It only took me three days to read Leif Enger’s third novel Virgil Wander. I read his other two which are also pictured above while I was taking a break from blogging. I’ll try to write something about them soon. All of them are great but Virgil takes the prize for favorite.
When the title character accidentally drives into Lake Superior and is then rescued, he gets what might be called a new lease on life. In fact, he refers to himself before the accident as “the previous tenant”. It’s not so much a drastic change as a subtle one, but its a change nonetheless. The “previous” Virgil probably wouldn’t have invited a kite-flying Norwegian stranger to share his apartment – but the new one does.
Virgil runs the local movie house in Greenstone, Minnesota on the banks of Lake Superior where the movies he shows are still on reels of film as opposed to digital. He lets on that he is a failed theology student who “ran out of God”. His change after his baptism of sorts is more one of perspective. All the bad things about his situation are still there. He just sees them in a different light. Nor does he shy away from them anymore.
Somewhat of a loner, Virgil still lives within his community but now he is more willing to get involved with people with the help of his new kite-flying friend. Toward the end, he has the thought that “your tribe is always bigger than you think.”
This novel reminds me in some ways of Wendell Berry’s stories of Port William, Kentucky, especially Jayber Crow, I’m curious if Enger intends to write more about the folks in Greenstone. I’d love to hear about them.

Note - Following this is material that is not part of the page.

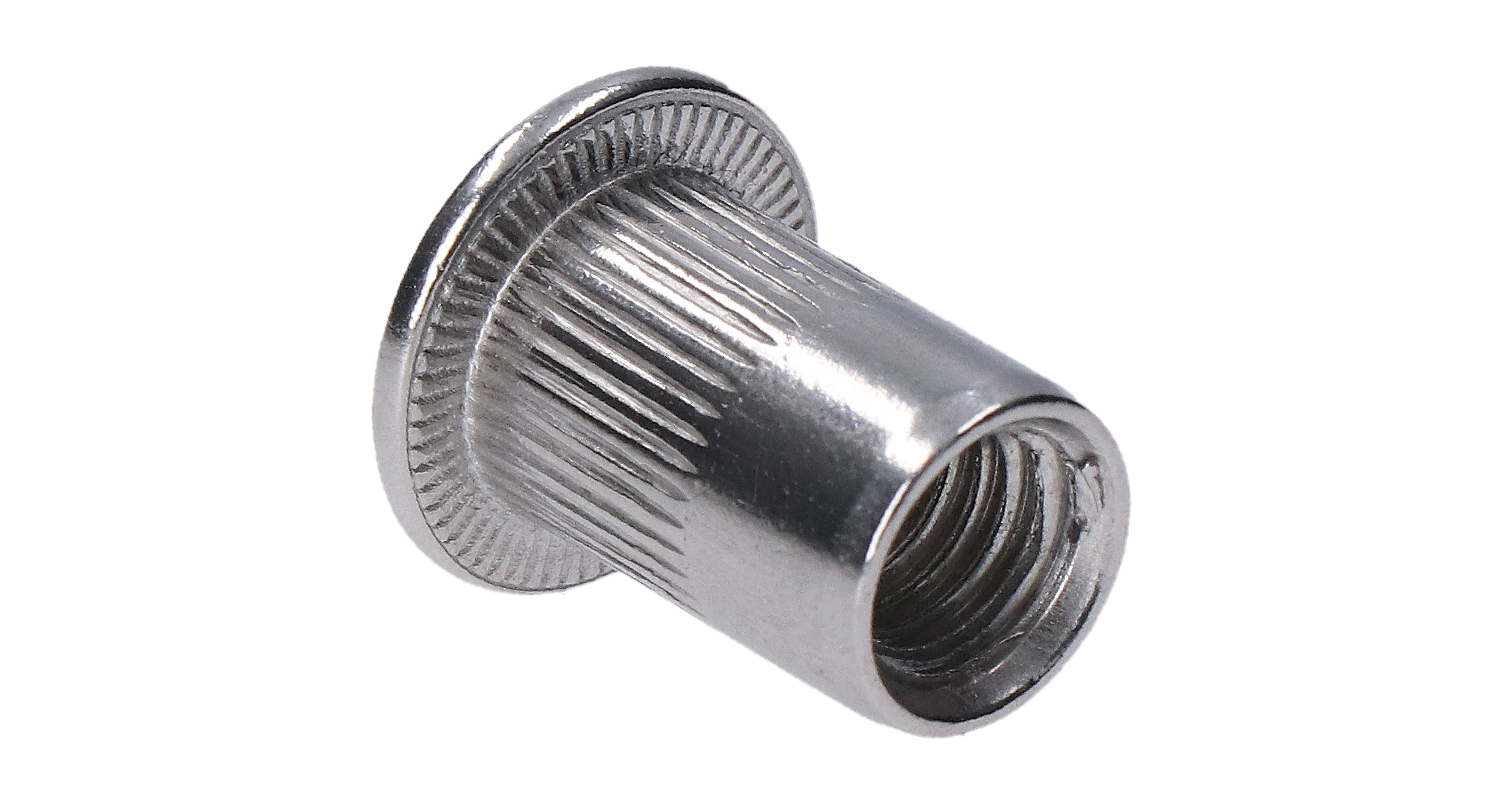 AISI304 nýtovací matice M10, plochá, rýhovaný dřík, L-19mm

There is also something slightly personal about the novel in that I lived in Hibbing, Minnesota for a brief time when I was growing up. Located on the Mesabi Iron Range, Hibbing isn’t far away from where Greenstone is fictionally (I think) located. It’s mentioned briefly in the novel as a place where someone’s sister is from. It also happens to be the birthplace of Robert Zimmerman who later became known as Bob Dylan. In the novel there is a running joke about how Greenstone’s mayor, Lydia, keeps a correspondence with Dylan who always turns down her request to headline at Greenstone’s annual festival “Hard Luck Days” (great name!). But then this happens at the end of the novel:
Last spring Bob Dylan overcame his wariness and played our Main Street stage. I missed it, but Lydia went with a lemon pie, and ate it with Dylan after the show. She reports he said little, but his eyes were expressive. He called the pie “better than the Nobel.”